Have you ever watched another sport?
In fact, a playoff system makes it virtually impossible that the best two teams will face each other. And it by no means ensures that the best team will win.
Part of this is the nature of playoffs. The regular season no longer matters. This isn’t the classic -- and correct -- argument that playoff would make the regular season less important. Instead, it simply means that everyone begins a playoff 0-0. Yes, better teams get (except in the final round) home field advantage -- which I think is overrated, but I digress. Yes, they get higher seedings and, in some cases, a bye. But, on average, you get few favors for having a better season.
Now, that leads to the dirty secret of playoffs: The best team doesn’t win. The team who plays best in the playoffs wins.
Take, as CFR has, the example of the St. Louis Cardinals. They inarguably had the worst season of any team in the MLB playoffs when October began. How bad? They had one of the best records in the nation at the All-Star break. They had the worst record in the playoffs at the end of the season. But St. Louis got hot during the NLDS, NLCS and the World Series. And they were the champions.
But St. Louis could at least make a credible argument that its record was not indicative of how good the team really was. So let’s look instead at the Pittsburgh Steelers.
In the NFL, six teams from each conference get in. Pittsburgh was the AFC’s No. 6 seed. Never before had a No. 6 seed won the Super Bowl. And the Steelers were not exactly seen as a great team after the season was over. Before it began, maybe. But not when people had seen them play.
Then a series of unlikely events occurred. QB Carson Palmer, whom you know as a Heisman trophy winner if you don’t follow the NFL, got taken out early in the Bengals’ game against Pittsburgh. The Steelers beat Indianapolis on the strength of an almost inexplicable shoe-string tackle by Ben Roethlisberger to avoid total disaster. And so on.
The secret to Pittsburgh's success.
Then, with an assist from men wearing white and black uniforms who were decidedly not official members of the Pittsburgh team, the Steelers defeated an underachieving Seattle Seahawks team in the Super Bowl.
Remember George Mason? That “great story” of the NCAA tourney last year? Show of hands for those who thought, from the beginning of the season to the end of the season, that George Mason was the fourth-best team in the country.
(And, no, I don’t want to see Boise State play Ohio State or Florida. Because if the Broncos then get crushed 44-3, we all have to believe that the Oklahoma game was a fluke instead of an inspiring David vs. Goliath tale.

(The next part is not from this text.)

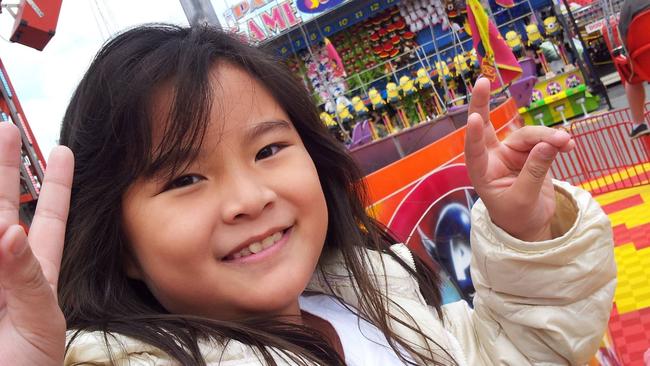 Police today released this photograph – selected by her mother - of Malaysian national Adelene Leong . Adelene died after falling from the Airmaxx 360 ride at the Royal Adelaide Show 2014 . Source SAPOL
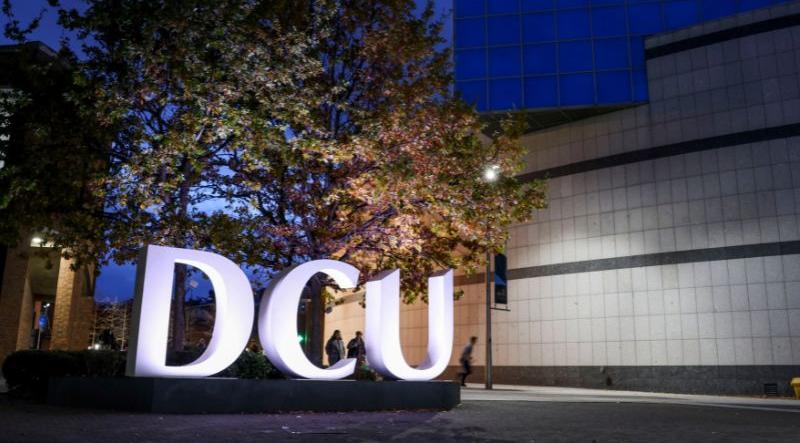 Shows the DCU letters sign on the Glasnevin campus at night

In that case, I’d rather have the dreams than the reality.)
Which brings us to another flaw in football and NCAA basketball championships: They are one and done. At least in MLB, you have to beat another team four out of seven times before advancing. Same with the NBA. In the NFL and the NCAA basketball tourney, a team that wouldn't otherwise win could pull off a 1/1,000,000 upset -- and from time to time does. At least if this happens in a No. 1 vs. No. 2 game, a team that could reasonably lay claim to being the best team in the nation wins.
You might believe that a playoff is a better way to determine the national champion. So be it.

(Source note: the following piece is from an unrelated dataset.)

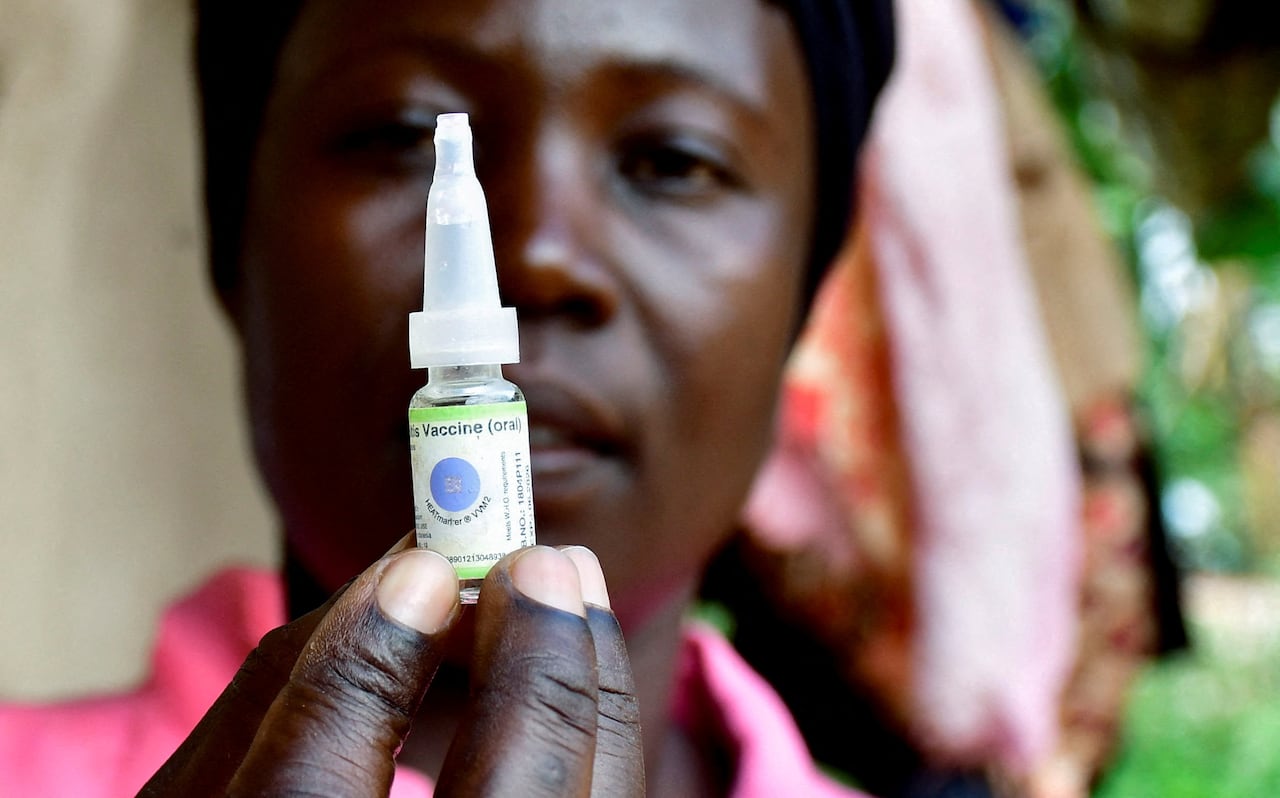 a womans face is blurred in the background, and in front of her face in focus she holds a vial of polio vaccine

Personally, I would like to see a Plus One system because it would give four deserving teams a chance and would get rid of some of the controversy. (And I’d love to see ESPN and Keith Jackson turn red and rail against the injustice of the Big Ten and the SEC dominating the event, because the teams No. 1-4 after the regular season were Ohio State, Florida, Michigan and LSU.)
But how can we have a title game without the Trojans?
But don’t say a playoff would produce a more authentic champion than the BCS. All championships are mythical, to some degree or another.
And to say otherwise is a disservice to the debate we should be having.